**RECORDS SHOWN**
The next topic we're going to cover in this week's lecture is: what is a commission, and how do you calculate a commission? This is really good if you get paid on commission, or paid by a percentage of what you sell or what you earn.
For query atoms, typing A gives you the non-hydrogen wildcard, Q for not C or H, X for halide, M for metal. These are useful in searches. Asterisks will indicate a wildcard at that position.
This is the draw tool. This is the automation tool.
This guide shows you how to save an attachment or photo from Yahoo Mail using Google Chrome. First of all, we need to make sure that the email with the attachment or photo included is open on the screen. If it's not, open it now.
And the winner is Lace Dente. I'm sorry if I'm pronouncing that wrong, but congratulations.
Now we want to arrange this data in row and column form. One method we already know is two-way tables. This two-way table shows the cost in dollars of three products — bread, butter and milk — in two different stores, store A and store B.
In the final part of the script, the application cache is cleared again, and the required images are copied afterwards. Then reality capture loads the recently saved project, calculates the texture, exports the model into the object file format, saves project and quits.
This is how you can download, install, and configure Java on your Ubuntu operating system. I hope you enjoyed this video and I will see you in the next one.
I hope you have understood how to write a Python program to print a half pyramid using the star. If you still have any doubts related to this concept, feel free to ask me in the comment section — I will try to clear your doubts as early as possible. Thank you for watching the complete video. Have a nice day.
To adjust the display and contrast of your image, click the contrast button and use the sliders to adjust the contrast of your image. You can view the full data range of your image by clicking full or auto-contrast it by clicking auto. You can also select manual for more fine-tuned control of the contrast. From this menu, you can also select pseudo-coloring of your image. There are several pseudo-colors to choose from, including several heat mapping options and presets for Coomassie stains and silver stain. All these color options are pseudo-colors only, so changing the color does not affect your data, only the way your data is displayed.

==

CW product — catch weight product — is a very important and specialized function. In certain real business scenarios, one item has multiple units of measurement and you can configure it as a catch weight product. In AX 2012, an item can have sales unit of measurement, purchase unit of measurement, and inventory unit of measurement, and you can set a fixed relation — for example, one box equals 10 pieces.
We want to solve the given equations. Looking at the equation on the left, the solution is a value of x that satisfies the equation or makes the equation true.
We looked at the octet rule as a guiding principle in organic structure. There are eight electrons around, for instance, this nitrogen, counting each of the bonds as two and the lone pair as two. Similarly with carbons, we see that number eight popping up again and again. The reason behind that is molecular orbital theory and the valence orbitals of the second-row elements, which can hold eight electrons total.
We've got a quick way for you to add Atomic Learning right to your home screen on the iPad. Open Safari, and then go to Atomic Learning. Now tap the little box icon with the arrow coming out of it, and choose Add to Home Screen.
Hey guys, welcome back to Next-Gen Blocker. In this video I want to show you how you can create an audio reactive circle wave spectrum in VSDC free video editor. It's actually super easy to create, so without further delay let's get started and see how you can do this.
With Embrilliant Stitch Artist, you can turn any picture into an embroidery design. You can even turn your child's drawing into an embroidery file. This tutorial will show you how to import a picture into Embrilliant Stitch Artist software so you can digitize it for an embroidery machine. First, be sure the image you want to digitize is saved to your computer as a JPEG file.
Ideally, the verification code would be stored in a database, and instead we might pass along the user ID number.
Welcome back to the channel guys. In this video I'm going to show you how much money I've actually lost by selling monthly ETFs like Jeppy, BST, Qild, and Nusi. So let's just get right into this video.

* * *

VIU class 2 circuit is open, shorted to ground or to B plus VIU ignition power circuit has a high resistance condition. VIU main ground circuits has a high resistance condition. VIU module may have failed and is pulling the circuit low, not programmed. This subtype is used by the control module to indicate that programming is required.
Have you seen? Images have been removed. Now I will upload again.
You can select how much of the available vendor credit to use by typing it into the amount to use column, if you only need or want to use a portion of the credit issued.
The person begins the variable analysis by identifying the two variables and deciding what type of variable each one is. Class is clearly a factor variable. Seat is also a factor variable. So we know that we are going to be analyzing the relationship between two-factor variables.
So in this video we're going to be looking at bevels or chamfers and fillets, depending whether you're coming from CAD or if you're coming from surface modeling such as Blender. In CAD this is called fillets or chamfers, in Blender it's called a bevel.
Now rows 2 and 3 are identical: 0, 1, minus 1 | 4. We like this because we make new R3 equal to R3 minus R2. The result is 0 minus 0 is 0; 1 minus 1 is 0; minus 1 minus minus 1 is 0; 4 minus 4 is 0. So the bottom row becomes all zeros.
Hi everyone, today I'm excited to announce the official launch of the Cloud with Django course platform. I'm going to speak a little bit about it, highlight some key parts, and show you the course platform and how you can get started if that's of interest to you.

**WHAT THE TASK ASKS**
The lines above starting at the one that contains "So in this video" and ending at the one that contains "Hi everyone, today" must be transcribed exactly, and no other lines may appear.

**EXPECTED ANSWER**
So in this video we're going to be looking at bevels or chamfers and fillets, depending whether you're coming from CAD or if you're coming from surface modeling such as Blender. In CAD this is called fillets or chamfers, in Blender it's called a bevel.
Now rows 2 and 3 are identical: 0, 1, minus 1 | 4. We like this because we make new R3 equal to R3 minus R2. The result is 0 minus 0 is 0; 1 minus 1 is 0; minus 1 minus minus 1 is 0; 4 minus 4 is 0. So the bottom row becomes all zeros.
Hi everyone, today I'm excited to announce the official launch of the Cloud with Django course platform. I'm going to speak a little bit about it, highlight some key parts, and show you the course platform and how you can get started if that's of interest to you.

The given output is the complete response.